Federal Circuit Patent Bulletin: Lyda v. CBS Corp.
“A claim of joint infringement thus requires pleading facts sufficient to allow a reasonable inference that all steps of the claimed method are performed and either (1) one party exercises the requisite “direction or control” over the others’ performance or (2) the actors form a joint enterprise such that performance of every step is attributable to the controlling party.”
On September 30, 2016, in Lyda v. CBS Corp., the U.S. Court of Appeals for the Federal Circuit (Reyna, Hughes, Stoll*) affirmed the district court’s dismissal under Federal Rule of Civil Procedure 12(b)(6) of Lyda’s complaint that CBS’ show Big Brother infringed U.S. Patents No. 7,434,243 and No. 7,730,506, which related to methods and systems for obtaining real time responses to remote programming by allowing persons viewing or listening to a broadcast to respond to the broadcast in real time without requiring a personal computer. The Federal Circuit stated:
For claims of direct patent infringement, this court has determined that the pleading requirements of Form 18 suffice to survive a motion to dismiss. Form 18, in the Appendix to the Federal Rules of Civil Procedure, is titled “Complaint for Patent Infringement” and provides a sample allegation of direct infringement. We have stated that when used properly, Form 18 “effectively immunizes a claimant from attack regarding the sufficiency of the pleading.” Form 18 has the following minimal requirements: (1) an allegation of jurisdiction; (2) a statement that the plaintiff owns the patent; (3) a statement that defendant has been infringing the patent “by making, selling, and using [the device] embodying the patent”; (4) a statement that the plaintiff has given the defendant notice of its infringement; and (5) a demand for an injunction and damages. . . . Federal Rule of Civil Procedure 84 provides that “the forms in the Appendix suffice under these rules and illustrate the simplicity and brevity that these rules contemplate.” Rule 84 and its accompanying Advisory Committee Notes indicate that the forms satisfy the rules as to the sufficiency of pleading direct infringement. Therefore, whether a complaint adequately pleads direct infringement is “to be measured by the specificity required by Form 18.” Moreover, “to the extent any conflict exists between Twombly (and its progeny) and the Forms regarding pleadings requirements, the Forms control.”

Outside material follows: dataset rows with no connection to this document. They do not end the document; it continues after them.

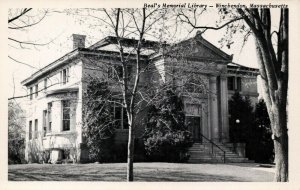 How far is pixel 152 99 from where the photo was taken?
12.2 meters

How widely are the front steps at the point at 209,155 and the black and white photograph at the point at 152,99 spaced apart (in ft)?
0.23

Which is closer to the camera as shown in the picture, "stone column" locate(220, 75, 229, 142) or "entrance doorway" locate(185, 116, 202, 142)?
"entrance doorway" locate(185, 116, 202, 142)

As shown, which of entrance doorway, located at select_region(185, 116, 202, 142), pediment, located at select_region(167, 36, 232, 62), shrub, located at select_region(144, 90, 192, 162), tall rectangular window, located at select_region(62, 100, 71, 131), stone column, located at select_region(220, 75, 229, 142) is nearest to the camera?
pediment, located at select_region(167, 36, 232, 62)

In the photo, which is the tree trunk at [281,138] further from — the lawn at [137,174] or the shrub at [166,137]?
the shrub at [166,137]

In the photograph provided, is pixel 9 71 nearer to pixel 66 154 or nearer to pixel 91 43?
pixel 91 43

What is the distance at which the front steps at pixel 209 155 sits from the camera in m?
20.5

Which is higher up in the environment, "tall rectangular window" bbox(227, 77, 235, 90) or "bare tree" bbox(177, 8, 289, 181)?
"tall rectangular window" bbox(227, 77, 235, 90)

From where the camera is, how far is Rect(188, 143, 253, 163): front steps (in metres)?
20.5

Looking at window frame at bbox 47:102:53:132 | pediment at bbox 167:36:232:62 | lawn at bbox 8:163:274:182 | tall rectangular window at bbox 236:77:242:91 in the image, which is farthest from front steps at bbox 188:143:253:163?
window frame at bbox 47:102:53:132

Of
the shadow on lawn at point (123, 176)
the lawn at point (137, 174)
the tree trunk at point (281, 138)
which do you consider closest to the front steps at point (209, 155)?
the lawn at point (137, 174)

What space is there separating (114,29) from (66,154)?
32.3ft

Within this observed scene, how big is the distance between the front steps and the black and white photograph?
72 mm

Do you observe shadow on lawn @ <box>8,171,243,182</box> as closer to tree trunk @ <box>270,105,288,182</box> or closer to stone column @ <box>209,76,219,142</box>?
tree trunk @ <box>270,105,288,182</box> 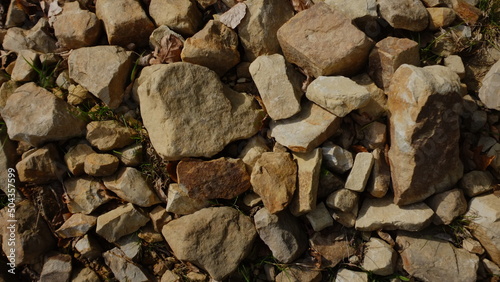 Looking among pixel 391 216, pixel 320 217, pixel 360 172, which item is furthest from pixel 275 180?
pixel 391 216

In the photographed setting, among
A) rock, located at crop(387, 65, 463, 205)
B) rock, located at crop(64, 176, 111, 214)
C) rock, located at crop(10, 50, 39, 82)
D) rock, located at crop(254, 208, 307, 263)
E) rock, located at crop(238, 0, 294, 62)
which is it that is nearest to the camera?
rock, located at crop(387, 65, 463, 205)

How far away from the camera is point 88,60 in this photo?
2.79 m

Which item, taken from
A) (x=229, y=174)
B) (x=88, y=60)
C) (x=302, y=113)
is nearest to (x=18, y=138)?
(x=88, y=60)

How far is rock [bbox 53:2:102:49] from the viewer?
2.87m

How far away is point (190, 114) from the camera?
259 centimetres

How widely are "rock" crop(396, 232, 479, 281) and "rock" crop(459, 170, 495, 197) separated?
378 mm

We have also held that allegations of induced or contributory infringement, which have additional elements not found in direct infringement claims, are not governed by Form 18. “Rather, the pleading requirements set forth in [Twombly and Iqbal] apply” to claims of induced and contributory infringement. We have not, however, expressly considered whether claims of joint infringement should be measured by the sparse requirements of Form 18.
“Direct infringement under § 271(a) occurs where all steps of a claimed method are performed by or attributable to a single entity.” While a typical claim of direct infringement requires proof that a defendant performs each step of the claimed method, joint infringement requires more. To prove joint infringement, where multiple actors are involved in practicing the claim steps, the patent owner must show that the acts of one party are attributable to the other such that a single entity is responsible for the infringement. This court has held that an entity will be responsible for others’ performance of method steps in two circumstances: “(1) where that entity directs or controls others’ performance, and (2) where the actors form a joint enterprise.” Therefore, like claims of induced or contributory infringement, allegations of joint infringement require elements beyond those for the more typical act of direct infringement to which Form 18 is directed.

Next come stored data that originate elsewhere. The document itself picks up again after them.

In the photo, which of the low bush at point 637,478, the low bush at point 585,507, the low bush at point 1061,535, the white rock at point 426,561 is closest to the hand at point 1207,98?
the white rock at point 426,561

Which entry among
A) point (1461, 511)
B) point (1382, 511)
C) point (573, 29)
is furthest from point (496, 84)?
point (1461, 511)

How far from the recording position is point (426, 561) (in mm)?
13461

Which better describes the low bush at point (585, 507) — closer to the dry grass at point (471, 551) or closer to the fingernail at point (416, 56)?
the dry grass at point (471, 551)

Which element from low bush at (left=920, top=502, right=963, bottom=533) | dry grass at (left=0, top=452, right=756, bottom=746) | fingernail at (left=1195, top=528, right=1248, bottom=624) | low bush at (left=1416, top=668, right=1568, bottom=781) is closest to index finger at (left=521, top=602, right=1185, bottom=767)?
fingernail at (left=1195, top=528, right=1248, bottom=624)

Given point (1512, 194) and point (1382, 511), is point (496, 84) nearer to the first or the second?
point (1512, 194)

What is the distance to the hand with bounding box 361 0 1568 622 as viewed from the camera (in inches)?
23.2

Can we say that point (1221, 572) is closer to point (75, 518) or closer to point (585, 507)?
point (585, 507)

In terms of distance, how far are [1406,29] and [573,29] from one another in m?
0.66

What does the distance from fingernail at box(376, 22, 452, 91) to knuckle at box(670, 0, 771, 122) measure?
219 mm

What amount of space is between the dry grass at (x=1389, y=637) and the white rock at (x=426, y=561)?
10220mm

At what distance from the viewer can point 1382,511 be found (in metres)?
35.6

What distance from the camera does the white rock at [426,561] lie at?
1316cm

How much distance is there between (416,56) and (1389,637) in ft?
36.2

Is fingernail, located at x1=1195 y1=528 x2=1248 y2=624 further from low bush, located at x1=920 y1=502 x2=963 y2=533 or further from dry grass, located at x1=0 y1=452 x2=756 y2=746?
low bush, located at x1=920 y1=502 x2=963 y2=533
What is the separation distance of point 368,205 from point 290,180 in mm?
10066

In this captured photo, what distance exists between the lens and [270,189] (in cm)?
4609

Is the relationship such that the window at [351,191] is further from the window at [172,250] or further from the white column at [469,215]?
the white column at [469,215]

We agree with the district courts that have addressed this issue and concluded that the pleading requirements for joint infringement are not satisfied by Form 18. Because joint infringement requires additional elements not addressed by Form 18, we hold that allegations of joint infringement must be measured by the Iqbal and Twombly standard without reference to Form 18. A claim of joint infringement thus requires pleading facts sufficient to allow a reasonable inference that all steps of the claimed method are performed and either (1) one party exercises the requisite “direction or control” over the others’ performance or (2) the actors form a joint enterprise such that performance of every step is attributable to the controlling party.
Mr. Lyda’s complaint does not explicitly indicate whether CBS infringes the asserted patents under a single or joint theory of direct infringement. The Amended Complaint, however, alleges that “Defendant CBS, as owner of the Defendant CBS Interactive, controls the operations of the Defendant CBS Interactive,” and therefore that the purported steps taken by CBS Interactive are attributed to CBS. . . . [W]e conclude that each count of the Amended Complaint implicates joint infringement.

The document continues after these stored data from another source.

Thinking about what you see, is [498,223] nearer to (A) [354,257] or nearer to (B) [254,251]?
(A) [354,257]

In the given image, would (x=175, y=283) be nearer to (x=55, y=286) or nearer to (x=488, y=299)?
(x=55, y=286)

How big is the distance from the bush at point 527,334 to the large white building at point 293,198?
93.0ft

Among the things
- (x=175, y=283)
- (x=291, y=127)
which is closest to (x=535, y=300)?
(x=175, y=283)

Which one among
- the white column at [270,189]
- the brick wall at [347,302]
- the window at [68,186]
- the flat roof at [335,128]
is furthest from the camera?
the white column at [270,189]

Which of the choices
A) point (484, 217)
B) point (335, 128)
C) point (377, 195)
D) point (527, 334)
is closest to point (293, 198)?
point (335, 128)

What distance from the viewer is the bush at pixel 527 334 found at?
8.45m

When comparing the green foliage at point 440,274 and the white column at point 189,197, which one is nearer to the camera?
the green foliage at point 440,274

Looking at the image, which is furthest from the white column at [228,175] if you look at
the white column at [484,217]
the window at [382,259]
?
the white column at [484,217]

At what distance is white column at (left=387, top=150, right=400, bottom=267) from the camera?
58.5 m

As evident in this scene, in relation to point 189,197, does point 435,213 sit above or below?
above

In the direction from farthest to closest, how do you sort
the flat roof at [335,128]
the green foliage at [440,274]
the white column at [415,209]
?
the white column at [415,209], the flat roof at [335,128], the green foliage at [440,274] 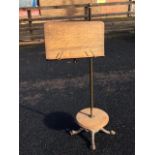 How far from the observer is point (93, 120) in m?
4.52

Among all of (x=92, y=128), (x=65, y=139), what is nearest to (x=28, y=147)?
(x=65, y=139)

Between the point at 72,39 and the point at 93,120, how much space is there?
1.50 metres

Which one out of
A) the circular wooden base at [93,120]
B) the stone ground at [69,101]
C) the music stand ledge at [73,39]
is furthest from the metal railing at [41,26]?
the music stand ledge at [73,39]

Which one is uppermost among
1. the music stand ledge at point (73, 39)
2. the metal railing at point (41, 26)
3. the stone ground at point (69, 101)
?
the metal railing at point (41, 26)

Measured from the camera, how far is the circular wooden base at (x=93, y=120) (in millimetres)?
4371

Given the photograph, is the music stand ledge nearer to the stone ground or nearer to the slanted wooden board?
the slanted wooden board

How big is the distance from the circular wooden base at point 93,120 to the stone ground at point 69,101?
0.42 m

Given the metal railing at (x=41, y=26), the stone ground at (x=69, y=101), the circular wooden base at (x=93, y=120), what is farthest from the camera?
the metal railing at (x=41, y=26)

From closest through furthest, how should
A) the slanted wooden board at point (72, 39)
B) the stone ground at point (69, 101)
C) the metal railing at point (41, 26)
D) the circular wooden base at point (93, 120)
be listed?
the slanted wooden board at point (72, 39) < the circular wooden base at point (93, 120) < the stone ground at point (69, 101) < the metal railing at point (41, 26)

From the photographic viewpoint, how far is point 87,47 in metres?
3.83

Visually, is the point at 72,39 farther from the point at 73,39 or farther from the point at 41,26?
the point at 41,26

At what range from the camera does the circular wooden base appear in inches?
172

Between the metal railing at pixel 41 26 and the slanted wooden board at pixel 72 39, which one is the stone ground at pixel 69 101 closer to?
the metal railing at pixel 41 26

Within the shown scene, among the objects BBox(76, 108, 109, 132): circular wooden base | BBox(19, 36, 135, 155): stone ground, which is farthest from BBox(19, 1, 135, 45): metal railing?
BBox(76, 108, 109, 132): circular wooden base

We note that Mr. Lyda does not attempt to argue that the Amended Complaint satisfies the Twombly/Iqbal pleading standard outside of relying on Form 18. Because we hold that Form 18 does not apply to claims of joint infringement, and because Mr. Lyda has not plausibly pled a claim of joint infringement in satisfaction of the Iqbal/Twombly pleading standard, we affirm the district court’s dismissal under Rule 12(b)(6).